When the National Resistance Army/Movement (NRA/M) captured
state power in 1986, it began a process of legitimising its
rule through implementing a number of policy and legal reforms
provided for in its ten point programme. These included
enactment of a local government law providing for the
decentralisation of power. Decentralisation as an
institutional reform was intended to remedy the two-decade-old
legacy of exclusion and marginalisation, and was seen as a
means of efficient service delivery.
While many of these reforms were sound in principle -
affirmative action for women, promotion of local participation
in governance, and introduction of checks and balances between
local and central levels of government - the lack of political
will, the attendant deterioration in governance, and the
piecemeal implementation of the policy have, at times,
produced counter productive outcomes.
In some instances decentralisation has contributed to
internecine and ethnicised violence such as that among the
Jopadhola and the Iteso in Tororo, between the Baganda and
Banyankole/Banyarwanda in Sembabule, and between the Iteso and
Banyole in Butelajja. Such cases suggest that decentralisation
has at times amounted to segmentation and fragmentation of
Uganda, and in some instances resulted into
districtisation (i.e. the fragmentation of bigger
districts into smaller districts based on ethnicity or
political expediency).
A series of research activities will be carried out under
this component of the Beyond Juba Project to explore the
linkage between decentralisation and national reconciliation
and unity in Uganda. Some of the issues include: To what
extent has the state rationalized and used decentralisation
policy to extend and entrench its political interests? To what
extent did earlier discussions and debates on decentralisation
affect its form and content? Can decentralisation accommodate
the specific needs of pastoralist communities and livelihoods?

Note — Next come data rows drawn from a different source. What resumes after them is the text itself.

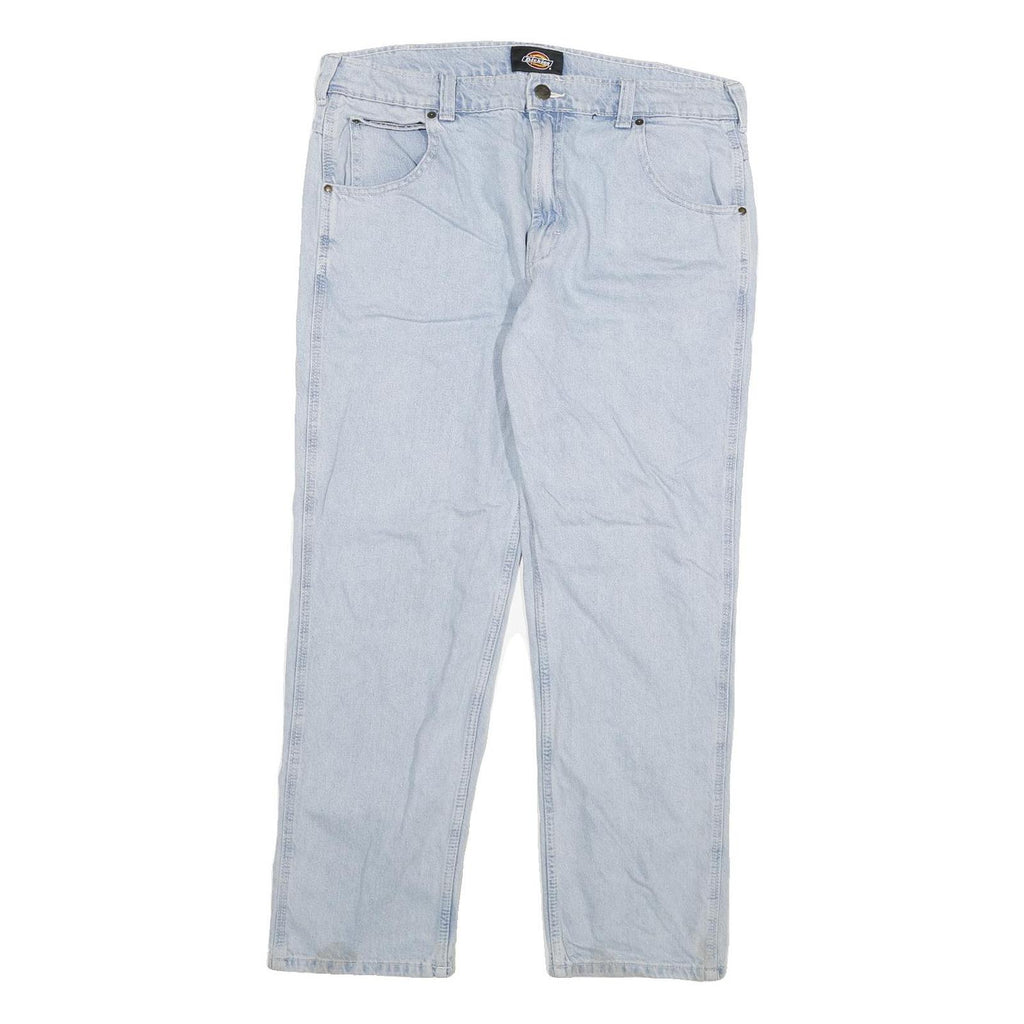 DICKIES Mens Jeans Blue Regular Straight Denim Light W34 L30 Classic Workwear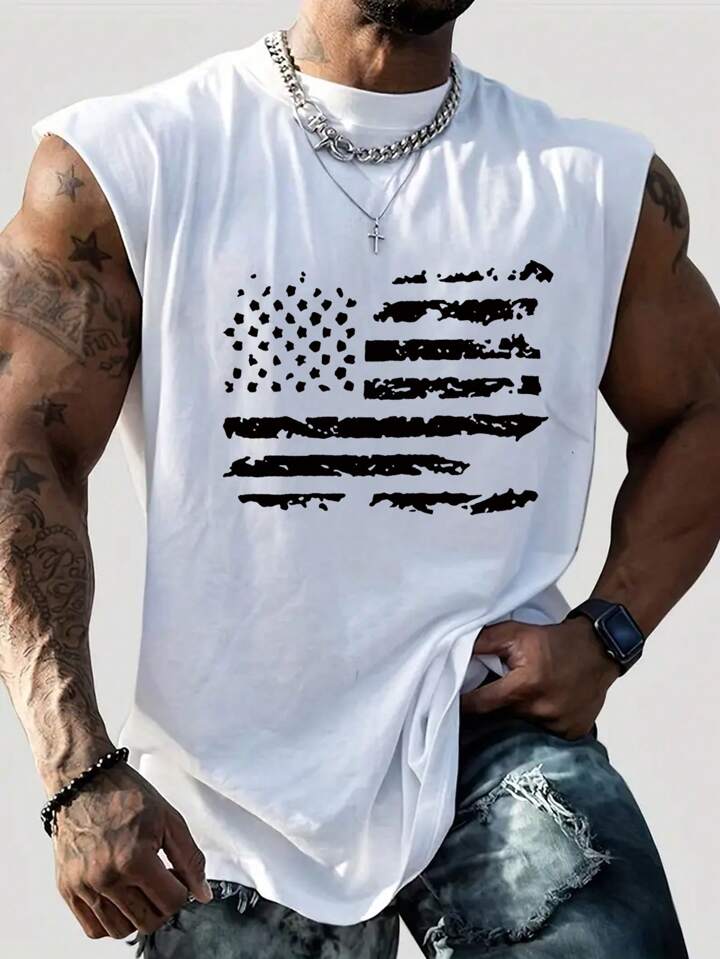 Men Summer Sports And Leisure American Flag Print Tank Top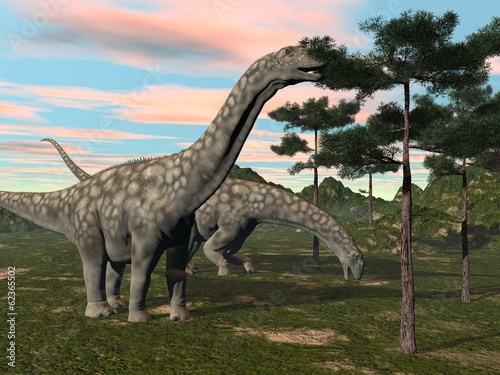 Argentinosaurus dinosaur eating tree - 3D render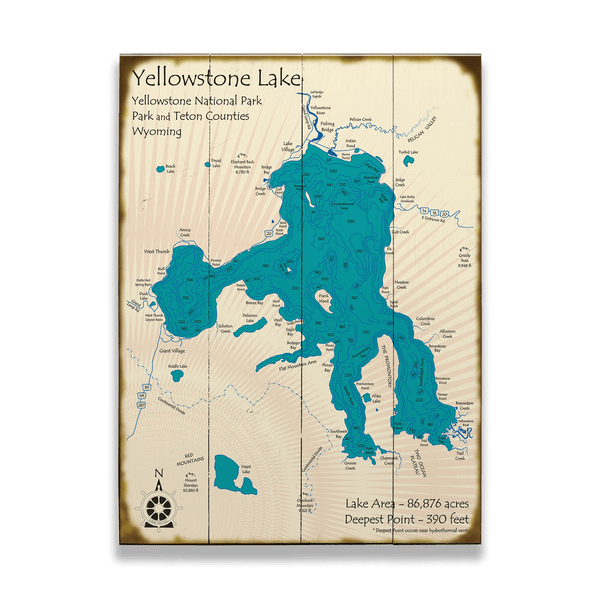 Yellowstone Lake - Wood & Metal Wall Art
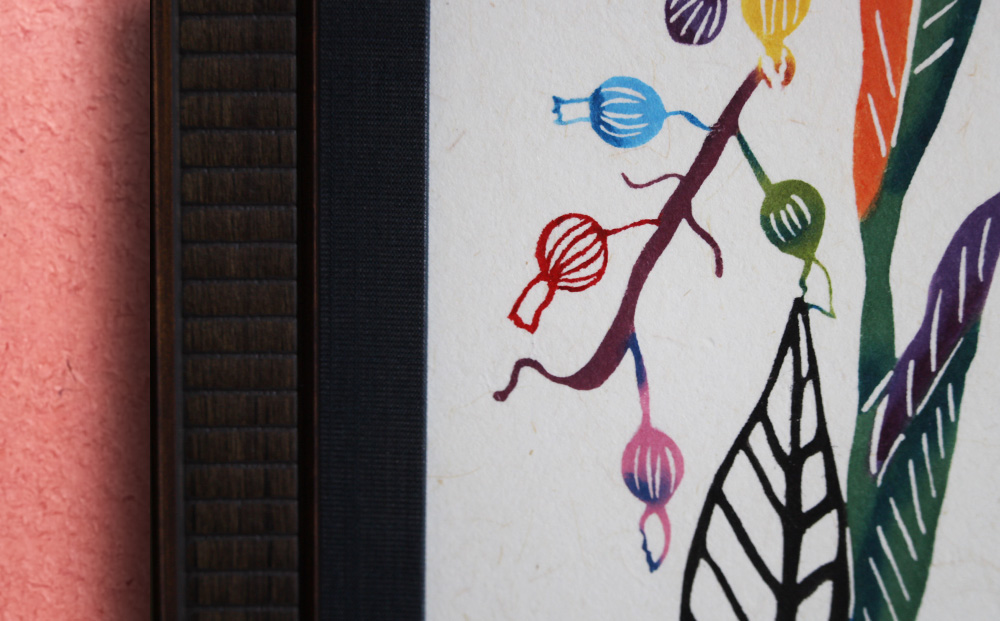 紅型　月桃　額装＜ひだり向き＞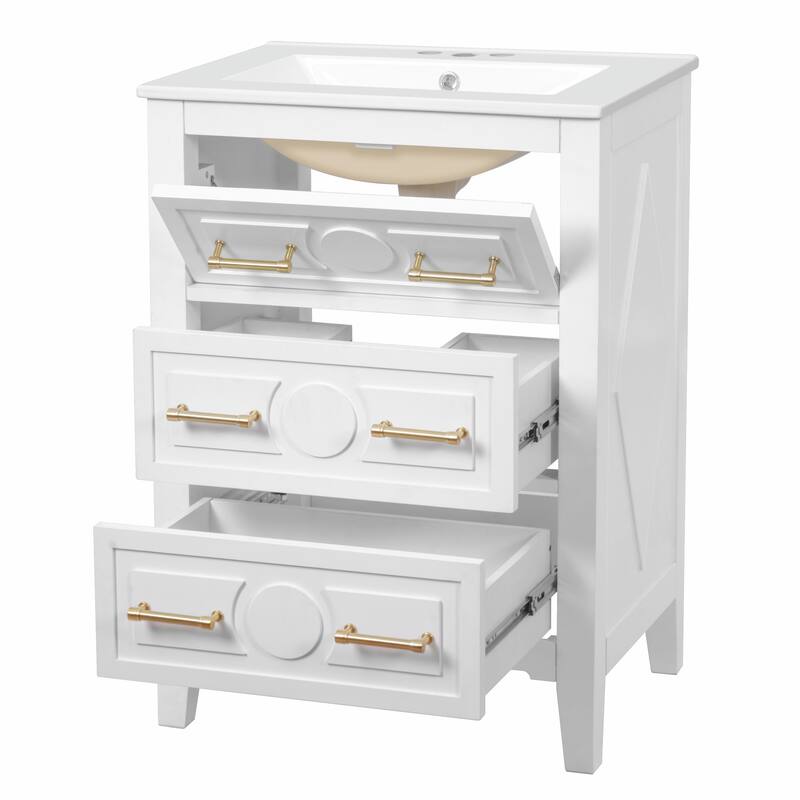 24" Bathroom Vanity with Ceramic Sink Combo, Free-Standing Single Vanity Set with 3 Drawers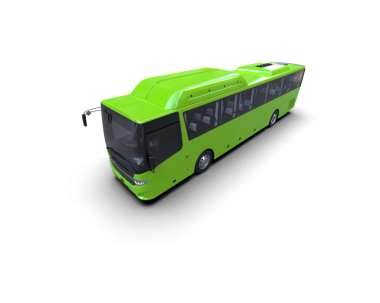 Siyah arkaplanda yeşil otobüs.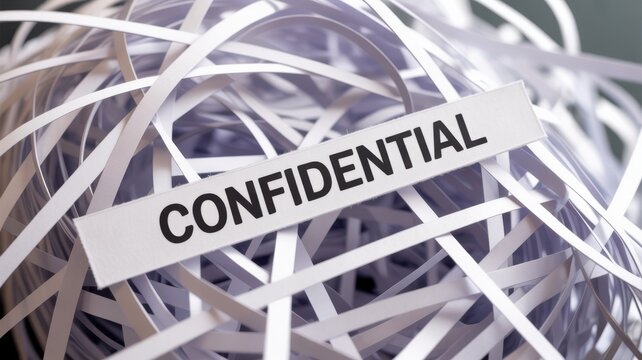 A single piece of paper labeled Confidential resting on shredded document pile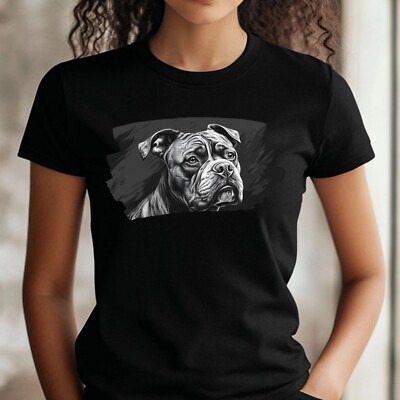 Frauen T-Shirt Amerikanischer Bully-Hund Motiv Baumwolle Größe S bis 3XL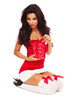 santa helper girl on white background with long hair and red gif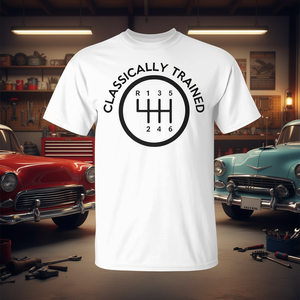 T-shirt Classique pour Homme « Gear Shifter » – Conception Automobile « Stick Shift Skills » – Col Rond Blanc - Product Image 3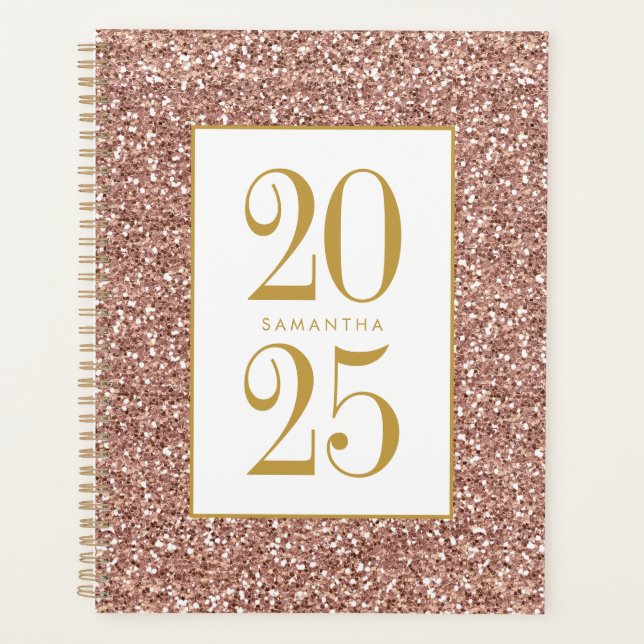 Rose Gold Glitzer Pink Luxe Look Personalisiert 20 Planer (Vorderseite)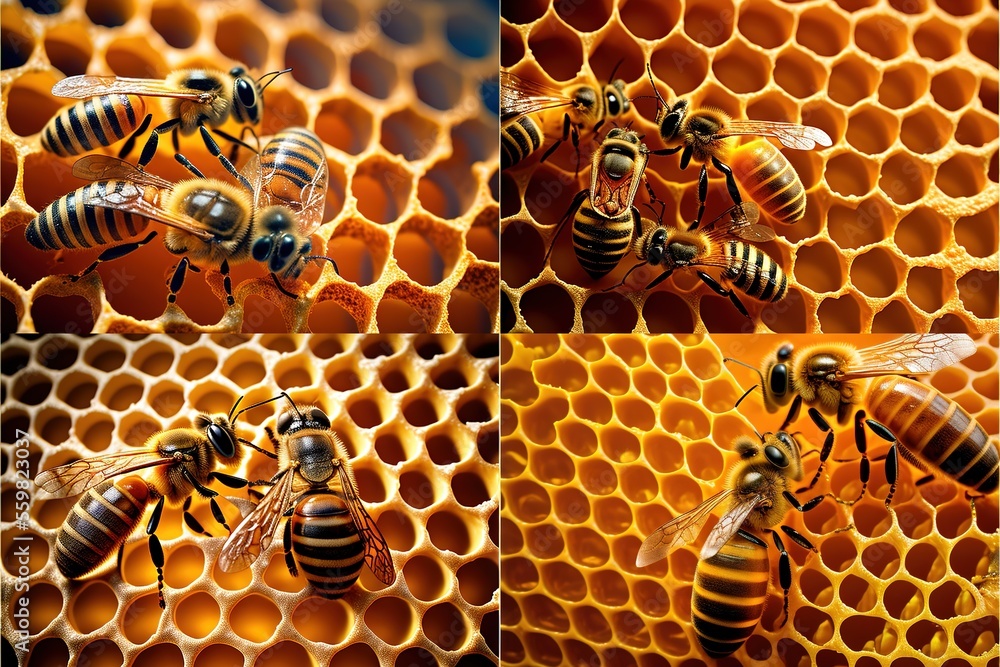 Poster two bees on a honeycomb with a cell in the background and a cell in the foreground with a smaller on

In what ways does decentralisation affect national unity,
reconciliation and integration? How do central and local
governments structure and appropriate notions of citizenship
in Uganda?
Linked to the above is the relationship between national
and district level processes. For example, the agreement on
Agenda Item No. 3 section 5.4 raises questions regarding the
nature of the modifications required in the national
institutional framework to deal with reconciliation and
accountability, and how this relates to decentralisation. For
instance, where will formal and special courts on
decentralisation be located; how will the two intersect?